K-nearest neighbors (KNN) joins
Create restaurants and customers tables so we can demonstrate the KNN join functionality.
df = sd.sql(""" SELECT name, ST_Point(lng, lat) AS location FROM (VALUES (101, -74.0, 40.7, 'Pizza Palace'), (102, -73.99, 40.69, 'Burger Barn'), (103, -74.02, 40.72, 'Taco Town'), (104, -73.98, 40.75, 'Sushi Spot'), (105, -74.05, 40.68, 'Deli Direct') ) AS t(id, lng, lat, name) """) sd.sql("drop view if exists restaurants") df.to_view("restaurants") df = sd.sql(""" SELECT name, ST_Point(lng, lat) AS location FROM (VALUES (1, -74.0, 40.7, 'Alice'), (2, -73.9, 40.8, 'Bob'), (3, -74.1, 40.6, 'Carol') ) AS t(id, lng, lat, name) """) sd.sql("drop view if exists customers") df.to_view("customers")
df.show()
┌───────┬───────────────────┐ │ name ┆ location │ │ utf8 ┆ geometry │ ╞═══════╪═══════════════════╡ │ Alice ┆ POINT(-74 40.7) │ ├╌╌╌╌╌╌╌┼╌╌╌╌╌╌╌╌╌╌╌╌╌╌╌╌╌╌╌┤ │ Bob ┆ POINT(-73.9 40.8) │ ├╌╌╌╌╌╌╌┼╌╌╌╌╌╌╌╌╌╌╌╌╌╌╌╌╌╌╌┤ │ Carol ┆ POINT(-74.1 40.6) │ └───────┴───────────────────┘
Perform a KNN join to identify the two restaurants that are nearest to each customer:
sd.sql(""" SELECT c.name AS customer, r.name AS restaurant FROM customers c, restaurants r WHERE ST_KNN(c.location, r.location, 2, false) ORDER BY c.name, r.name; """).show()

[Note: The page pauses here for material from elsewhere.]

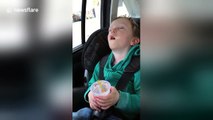 Sleepy toddler won't let go of his ice cream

┌──────────┬──────────────┐ │ customer ┆ restaurant │ │ utf8 ┆ utf8 │ ╞══════════╪══════════════╡ │ Alice ┆ Burger Barn │ ├╌╌╌╌╌╌╌╌╌╌┼╌╌╌╌╌╌╌╌╌╌╌╌╌╌┤ │ Alice ┆ Pizza Palace │ ├╌╌╌╌╌╌╌╌╌╌┼╌╌╌╌╌╌╌╌╌╌╌╌╌╌┤ │ Bob ┆ Pizza Palace │ ├╌╌╌╌╌╌╌╌╌╌┼╌╌╌╌╌╌╌╌╌╌╌╌╌╌┤ │ Bob ┆ Sushi Spot │ ├╌╌╌╌╌╌╌╌╌╌┼╌╌╌╌╌╌╌╌╌╌╌╌╌╌┤ │ Carol ┆ Deli Direct │ ├╌╌╌╌╌╌╌╌╌╌┼╌╌╌╌╌╌╌╌╌╌╌╌╌╌┤ │ Carol ┆ Pizza Palace │ └──────────┴──────────────┘
Notice how each customer has two rows - one for each of the two closest restaurants.

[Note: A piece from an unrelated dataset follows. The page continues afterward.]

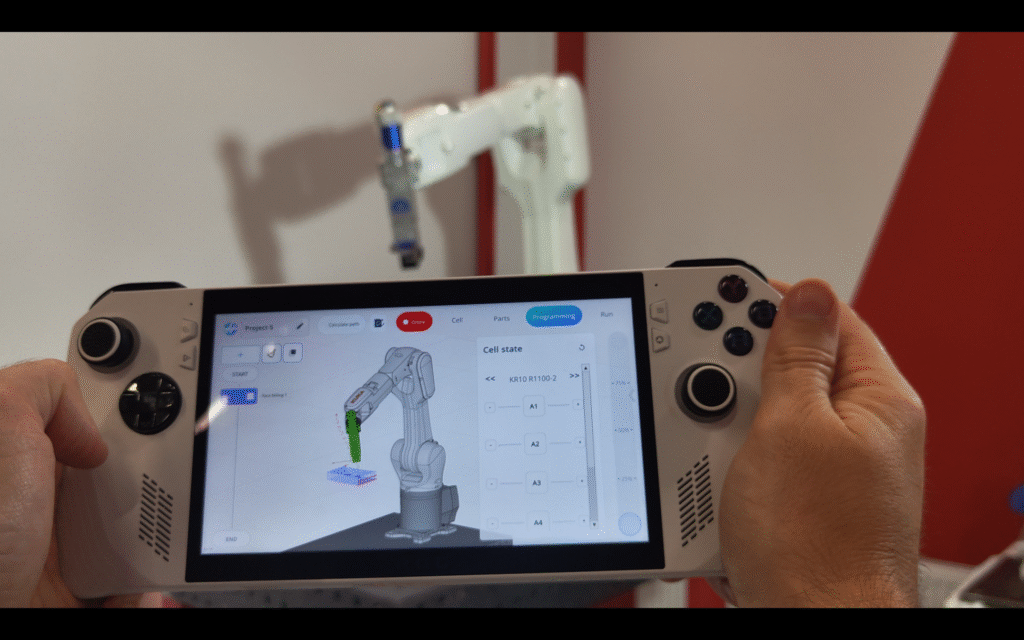 A person controls a robotic arm using a tablet interface.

You can also read GeoParquet files with SedonaDB with read_parquet()
df = sd.read_parquet("DATA_FILE.parquet")
Once you read the file, you can easily expose it as a view and query it with spatial SQL, as we demonstrated in the example above.